Shivshankar Menon: Indo-Pak relations are “one of the few major failures of Indian foreign policy”

India Today

Content from the Brookings Institution India Center is now archived. After seven years of an impactful partnership, as of September 11, 2020, Brookings India is now the Centre for Social and Economic Progress, an independent public policy institution based in India.

Brookings Distinguished Fellow Ambassador Shivshankar Menon discussed his new book ‘Choices’ with Karan Thapar in the India Today channel. The discussion entailed how a strike after 26/11 was avoided.

Ambassador Menon had advocated both External Affairs Minister Pranab Mukherjee and Prime Minister Manmohan Singh to critically consider retaliation. Ambassador Menon had “pressed at that time for immediate visible retaliation of some sort, either against the LeT in Muridke … or their camps in Pakistan-occupied-Kashmir, or against the ISI, which was clearly complicit.” Retaliation could have been “emotionally satisfying”. India’s police and security agencies had brought shame, which could have also been removed through retaliation.

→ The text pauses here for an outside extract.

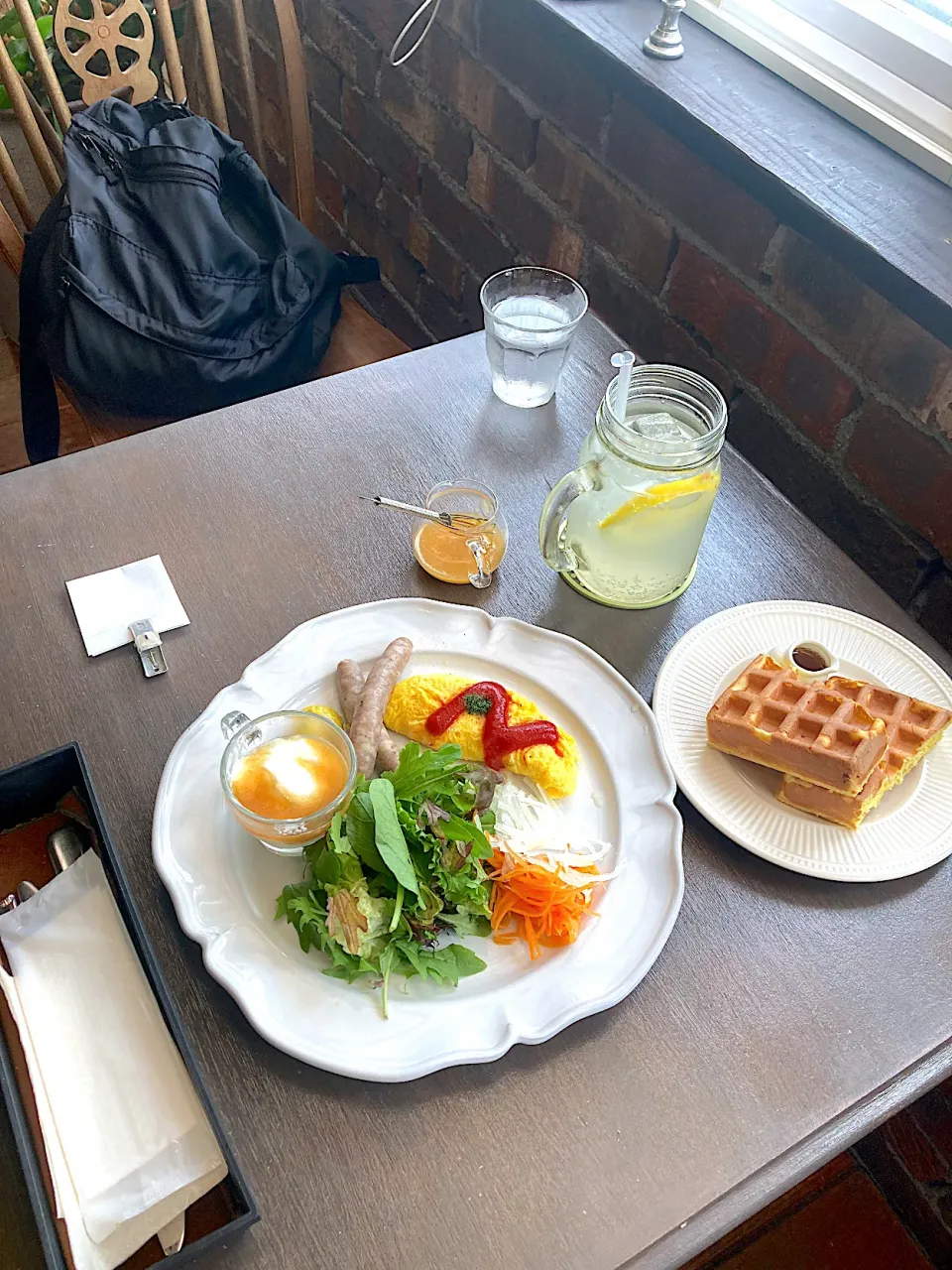 今日は午前中、養老山地の最南端、多度山に登り、下山後、「カフェ グランヒル」さんでブレックファーストプレート（オムレツ、ソーセージ、サラダ、ワッフル、ヨーグルト）&スカッシュレモネードをいただきました。HOMEofカフェグランヒル
http://www.cafegrandhill.com/|なびさん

In the interview Ambassador Menon provided six reasons for why the decision to use “diplomatic, covert and other means was the right one.” He mentioned that another attack from Pakistan might not draw a similar response. Retaliation might not end terror, given that terrorism “is hard-wired into Pakistan’s society and polity, not just into the ISI”, he said. “Some public retribution and a military response [is] inevitable”, he added.

Ambassador Menon termed Indo-Pak relations as “one of the few major failures of Indian foreign policy.”

This interview was first aired on the programme To the Point’ (India Today) on November 19, 2016. The views are of the discussant(s). Brookings India does not have any institutional views.